I recently finished reading The Storied Life of A. J. Fikry by Gabrielle Zevin. It was a pleasant read – low stress, low risk, low drama and a well-told story. Zevin is best known as a writer of ‘Young Adult’ books and this is, I believe, her first aimed at adults.
The book is about a middle-aged man who owns a bookstore on Alice Island off the coast of New England. Fikry’s wife had died two years earlier and he is depressed, lonely and so much of a literary snob that his bookstore is slowly failing. He only stocks titles that meet is demanding tastes:
I do not like postmodernism, postapocalyptic settings, postmortem narrators, or magic realism. I rarely respond to supposedly clever formal devices, multiple fonts, pictures where they shouldn’t be—basically, gimmicks of any kind. I find literary fiction about the Holocaust or any other major world tragedy to be distasteful—nonfiction only, please. I do not like genre mash-ups à la the literary detective novel or the literary fantasy. Literary should be literary, and genre should be genre, and crossbreeding rarely results in anything satisfying. I do not like children’s books, especially ones with orphans, and I prefer not to clutter my shelves with young adult. I do not like anything over four hundred pages or under one hundred fifty pages. I am repulsed by ghostwritten novels by reality television stars, celebrity picture books, sports memoirs, movie tie-in editions, novelty items, and—I imagine this goes without saying—vampires.

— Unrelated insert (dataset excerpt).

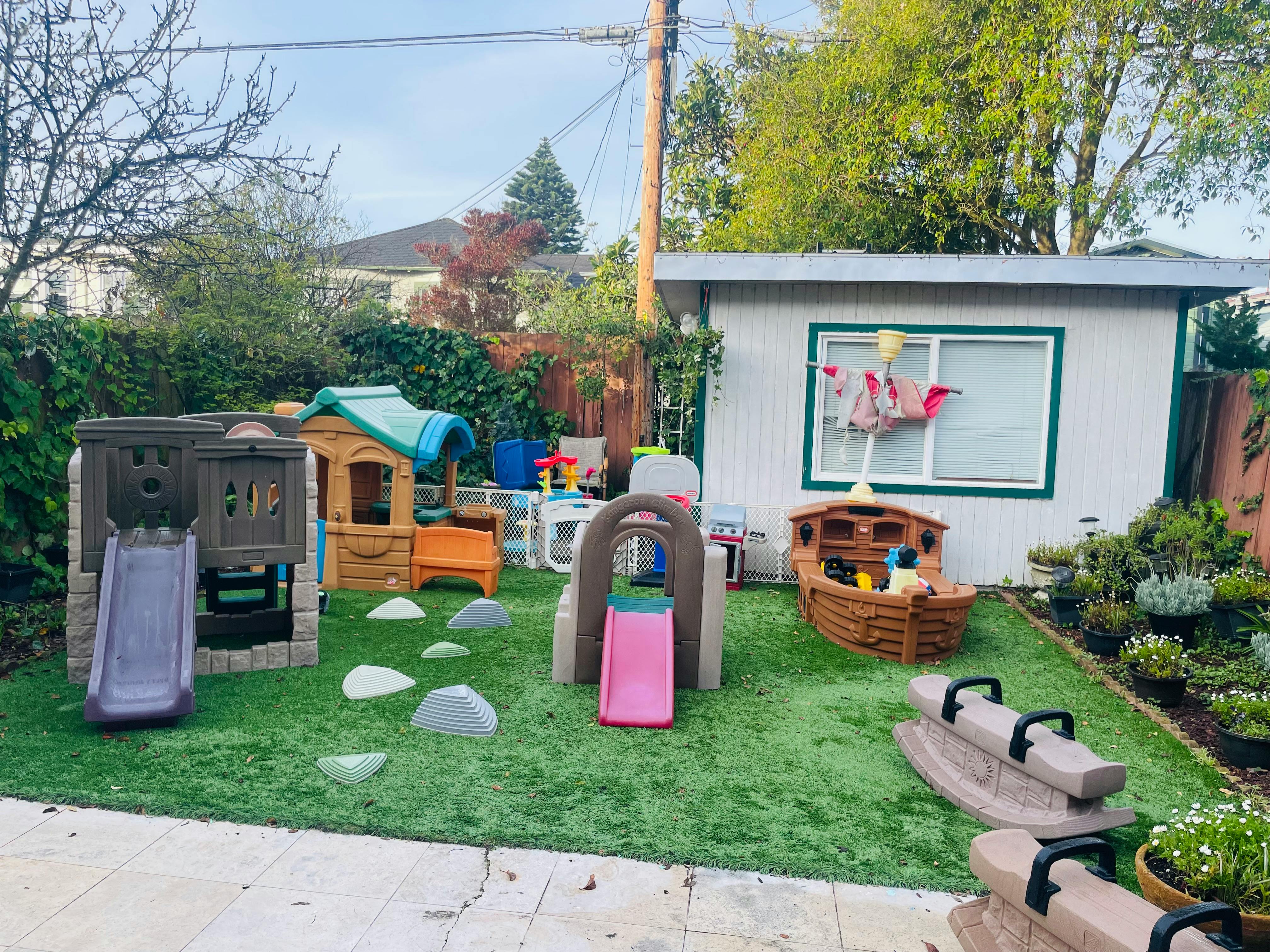 Playground with multiple play structures and slides on artificial turf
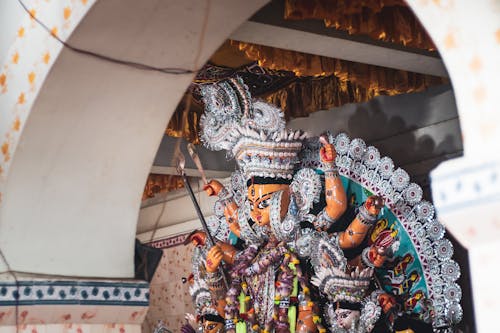 A Statue of Durga Puja with Leis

In the first few chapters, his prize possession, a first edition of Poe’s ‘Tamerlane’ is stolen and he is about to give things up when a surprise package appears in the children’s section of his store. A little bundle of joy named ‘Maya’ appears. At first he plans to give her up to foster care but he falls in love with her and adopts her. At about the same time, he becomes interested in a publisher’s representative, a young woman who visits his store twice a hear to sell books.
I imagine you can see where this is going and so can everyone else. There are some exciting events, a few problems that Zevin quickly solves up and, at the end, everything is tied up in a neat bow.
There area a couple of gimmicks – at the beginning of each chapter there is a brief note to Maya in the form of what appear to be shelf talkers and expressing a love for books and for reading.
Zevin has written an entertaining novel that doesn’t pretend to be much more. There is a lot of love for books and literature expressed in the novel and it’s an easy and pleasant read. I think you might like it.